» TASK DIRECTIONS: Copy the lines below, please, starting with the one that contains "Apartamento 1 habitacion" and ending with the last. Pictures stay out.

++++ DATA PROVIDED ++++

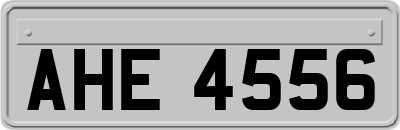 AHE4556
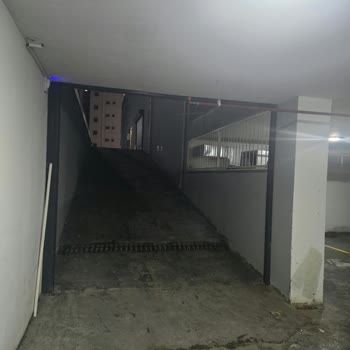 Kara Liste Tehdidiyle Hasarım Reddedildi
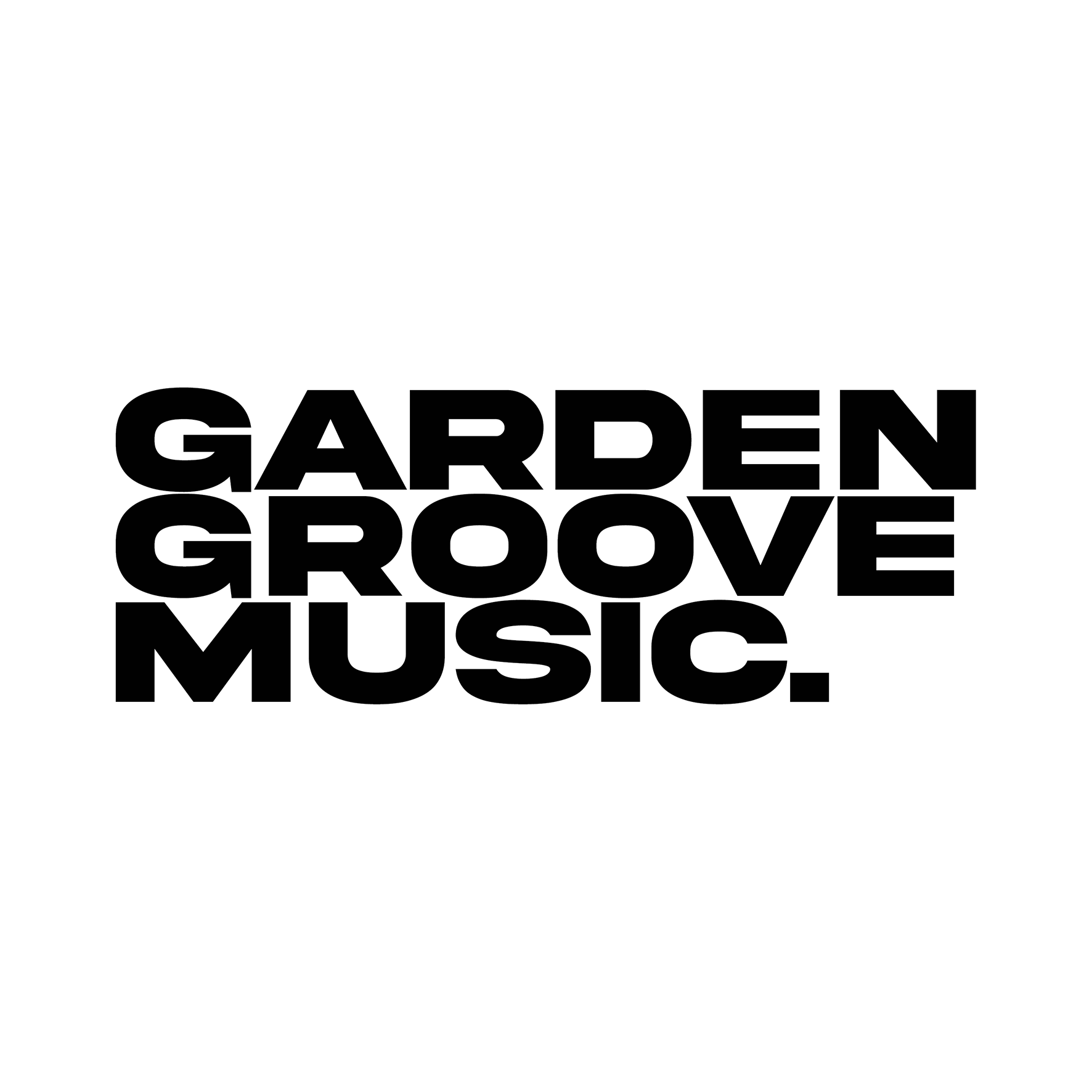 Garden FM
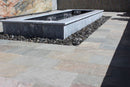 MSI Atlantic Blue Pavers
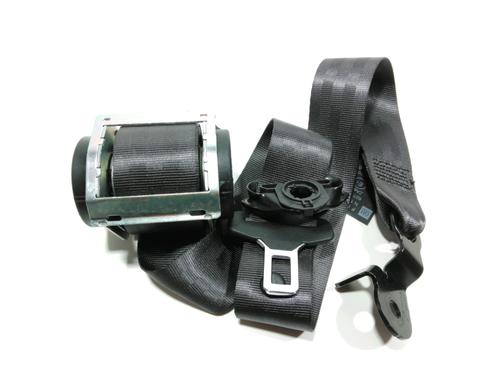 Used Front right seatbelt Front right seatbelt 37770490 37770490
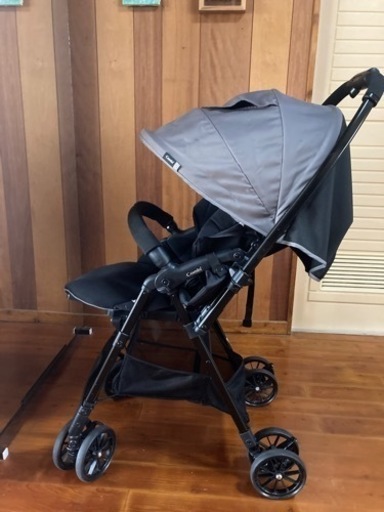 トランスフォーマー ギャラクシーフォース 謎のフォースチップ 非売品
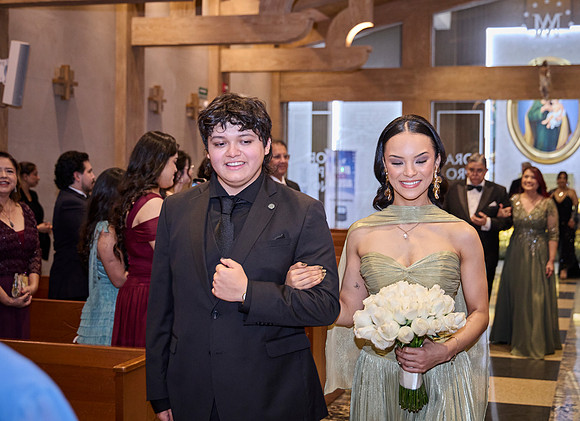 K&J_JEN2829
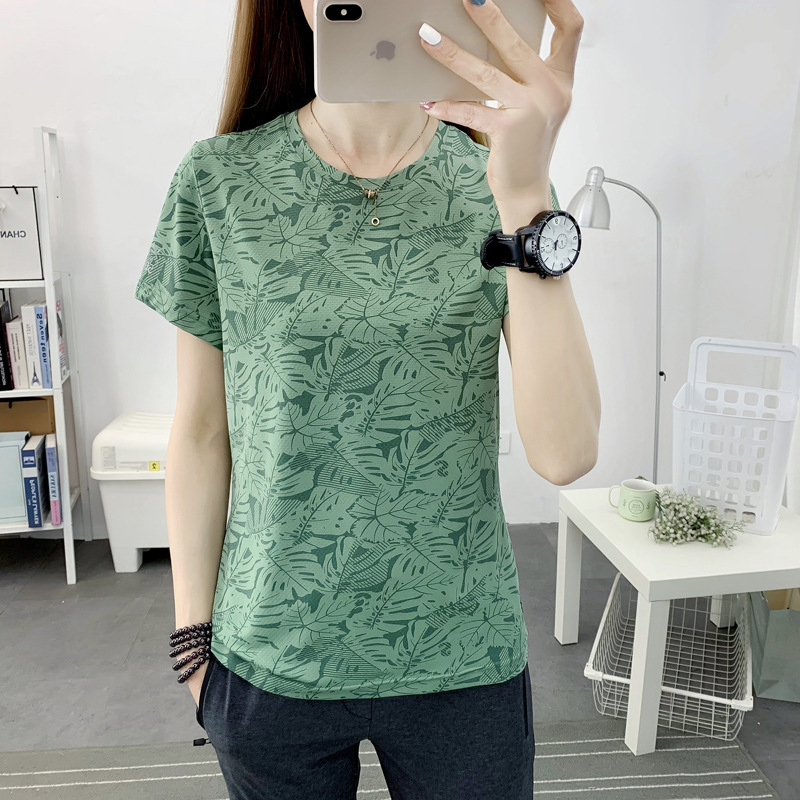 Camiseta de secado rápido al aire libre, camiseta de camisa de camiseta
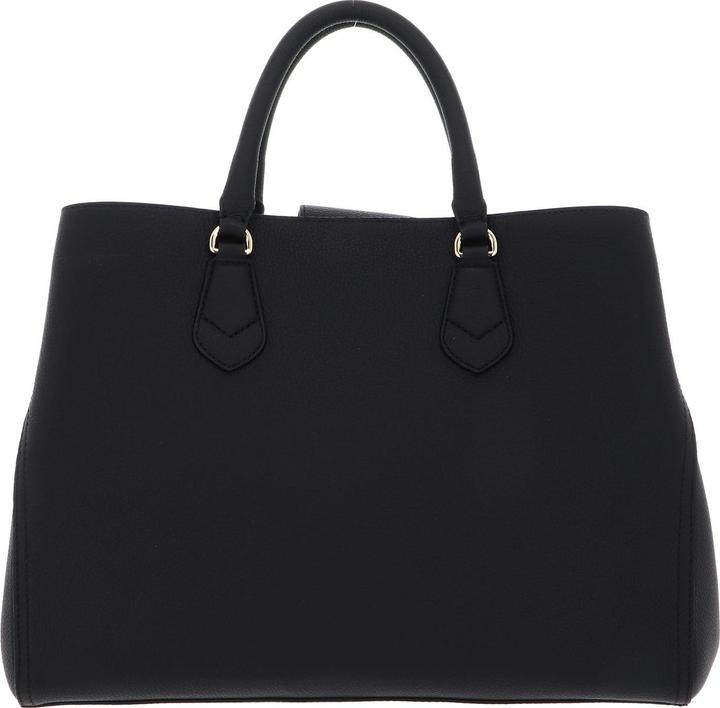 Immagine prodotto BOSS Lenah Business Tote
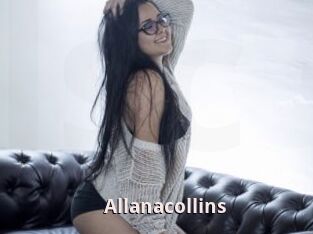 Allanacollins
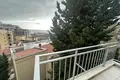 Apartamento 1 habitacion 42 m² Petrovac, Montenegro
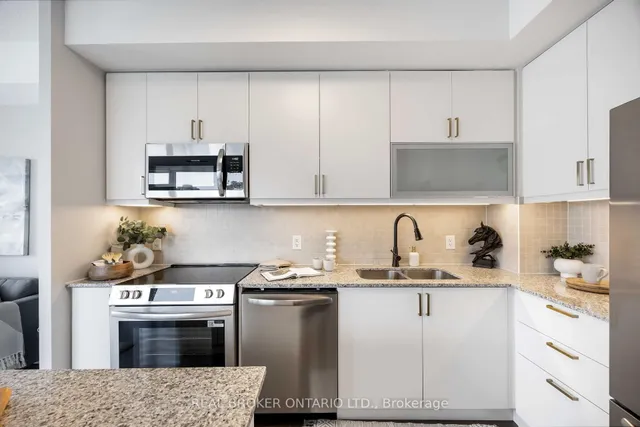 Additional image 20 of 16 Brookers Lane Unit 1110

++++

» ANSWER FOR THIS EXERCISE:
 Apartamento 1 habitacion 42 m² Petrovac, Montenegro
 Additional image 20 of 16 Brookers Lane Unit 1110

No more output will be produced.